Last week was a busy week for Lamar Library! For #celebratemonday we chatted with authors Lindsay Cummings and Claire Legrand via Google Hangouts.  My 7th Texas History students are working on a PBL with the driving question, “What will cause the next civil war?”  Mr. Wacker has his students writing an argument/story with a dystopian tone, so we thought it would be great for students to chat with some YA authors that have some experience with basing fantasy on research.

The students posed some great questions:

  • How can I make a story/argument about the next civil war AND make it reasonable?
  • What makes a story dystopian?
  • Would it be easier to write an environmental dystopia than a political dystopia?
  • How do you finish a book? (I’ve started a few…)
  • After you get an idea, what continues to inspire you?
  • We are finding it difficult to link our new ideas to the past. How can we make our dystopias believable?
  • What historical events shaped your fantasy ideas? (What links to the past make your story believable?)
  • Do you communicate with other authors about your ideas?
  • What inspired you to write these books? (or who?)
  • How do you use everyday life to inspire your stories?

Overall, the chat was fluid, educational, and entertaining.  Having two authors at once was new for me, but we wanted to really ask a panel of experts not just one author.

Lindsay Cummings, author of the Murder Complex, “loved that the kids had questions prepared ahead of time, so there were no awkward pauses while kids tried to think of questions, and the authors sat twiddling their thumbs on the other side of the screen. Luckily, that didn’t happen :)”

Claire Legrand, author of Cavendish Home for Boys and Girls and Winterspell, gave me a great reason to have her visit next time instead of Skype:

“As far as Skype vs. in-person visits, both are great. Skype visits obviously have the advantage of being flexible for both the author and the educator, and are a great way to fit a short inspirational visit into a busy school day.

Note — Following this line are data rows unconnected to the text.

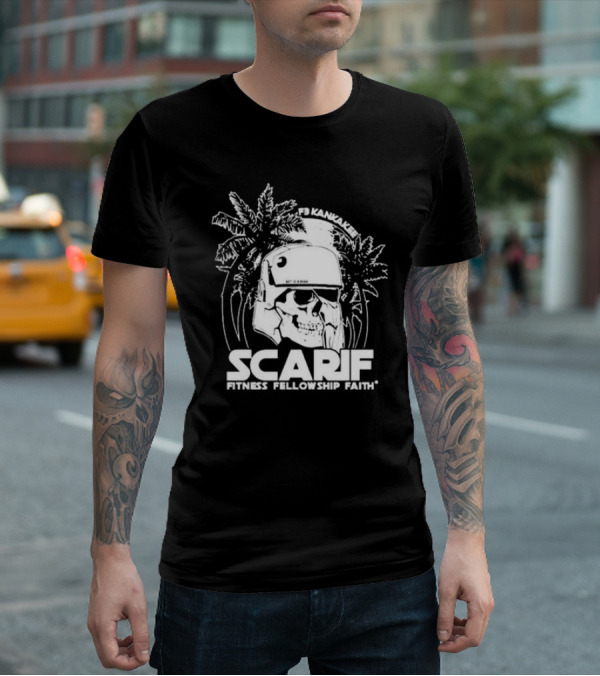 F3 Kankakee Scarif Fitness Fellowship Faith Stormtrooper Palm Trees T-Shirt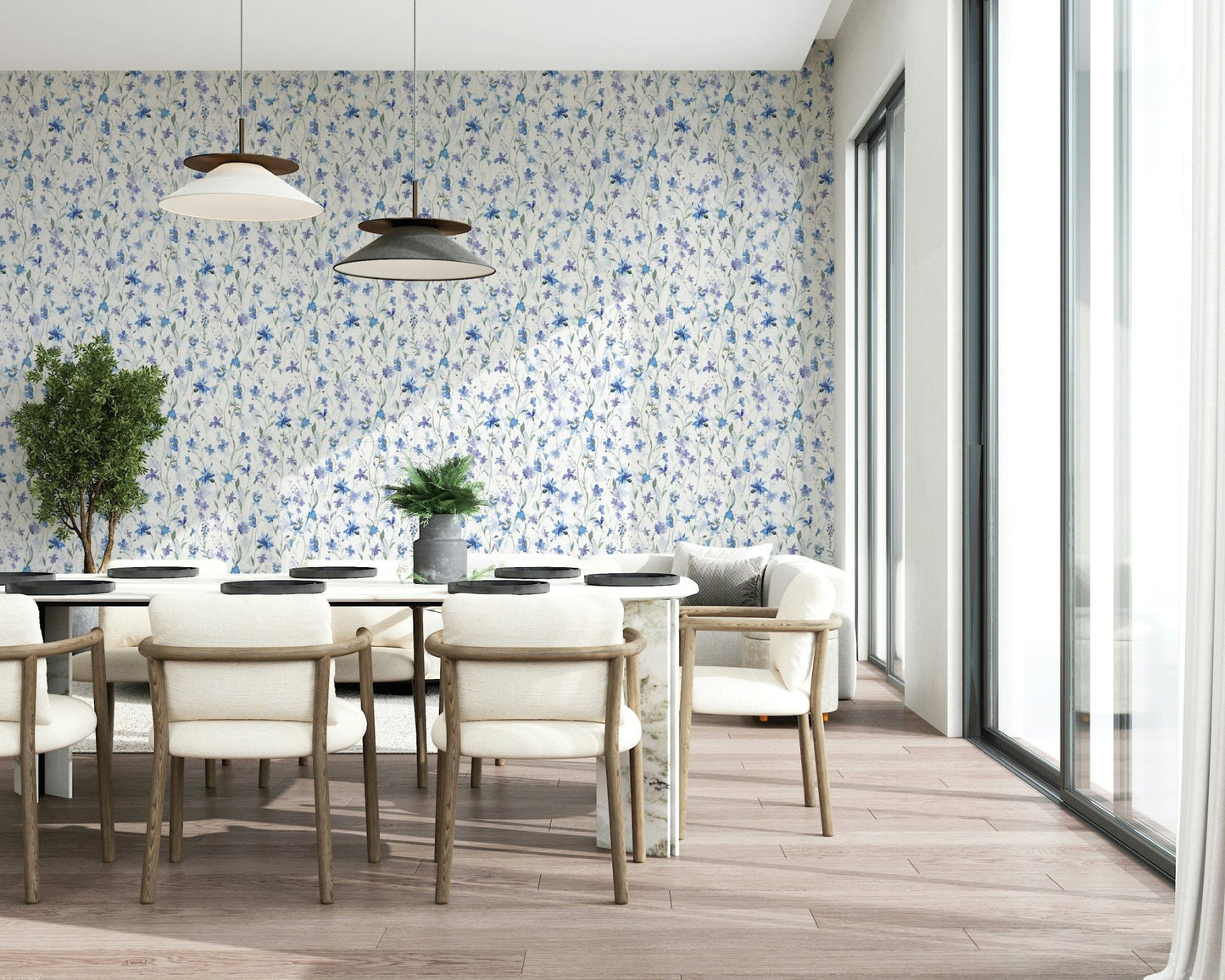 Soft azure floral wall covering for a contemporary dining area with natural light.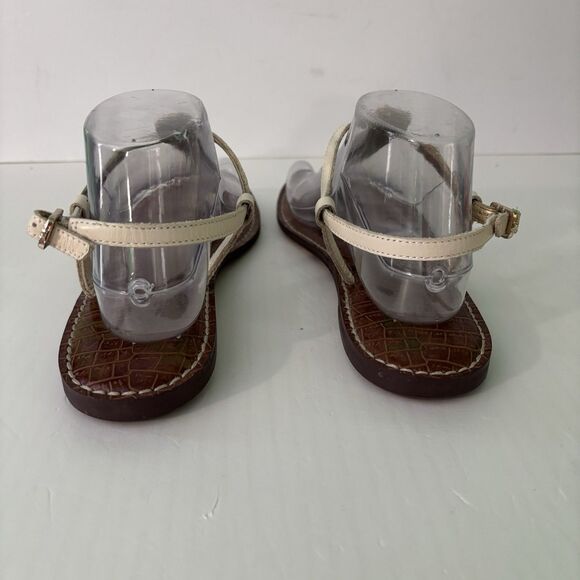 Sam Edelman Gigi Sandals Women's Size 8.5 W, 38.5 EU White Leather Thong Strappy - Picture 4 of 8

That being said, I will always prefer in-person visits because it allows for more natural interaction between me and the students! I love passing out “props”–my earliest stories, my printed out edit letters, etc–and making that in-person connection. As convenient as video chats are, you lose a certain something special when there’s a screen between you and your audience!”

This is the whole chat without edits if you feel like taking a peek:

Twitter Chat with Chris Barton

A few months ago, I read a post on Buffy Hamilton’s blog about utilizing Twitter chats with students.  Then last month at TLA something Matthew Winner spoke about during his closing keynote at Tech Camp really stuck with me. He discussed the importance of letting kids tweet from our library accounts to teach them the power of positive social media use. I wanted to combine these two concepts, and utilize Twitter chats as an authentic learning tool for students (just like Twitter chats are for me!)

In my TLA Takeaway post, I mentioned wanting to learn more about research processes from authors like Chris Barton and John Rocco.  Since our students were to research a Greek God/Goddess and then write their own fictional story from the character’s point of view, I thought my students would learn a lot from an expert like Chris Barton!  Plus, students always struggle with writing after research, and I was worried they would also struggle with blending fact with fiction to tell their own story and Chris is an excellent storyteller.  Wednesday at the end of our research I had students develop questions for our chat, then asked Mrs. Wilson if her students could read one of Barton’s stories out of “Can I See Your I.D.?” Thursday to prepare.

Student Assignment

Why are we reading this?

  • These stories were written by Chris Barton after he did extensive research on the individual.  (Sort of like what you are doing with your Greek God/Goddess.)  Read the story to learn about the individual from a different point of view.

Questions for Ss:

  • Have you ever read anything from the 2nd person POV before? What?
  • Explain how the point of view makes you feel as a reader.
  • Why do you think Mr. Barton used the 2nd person POV?
  • How do you think you’ll incorporate facts into your own digital story?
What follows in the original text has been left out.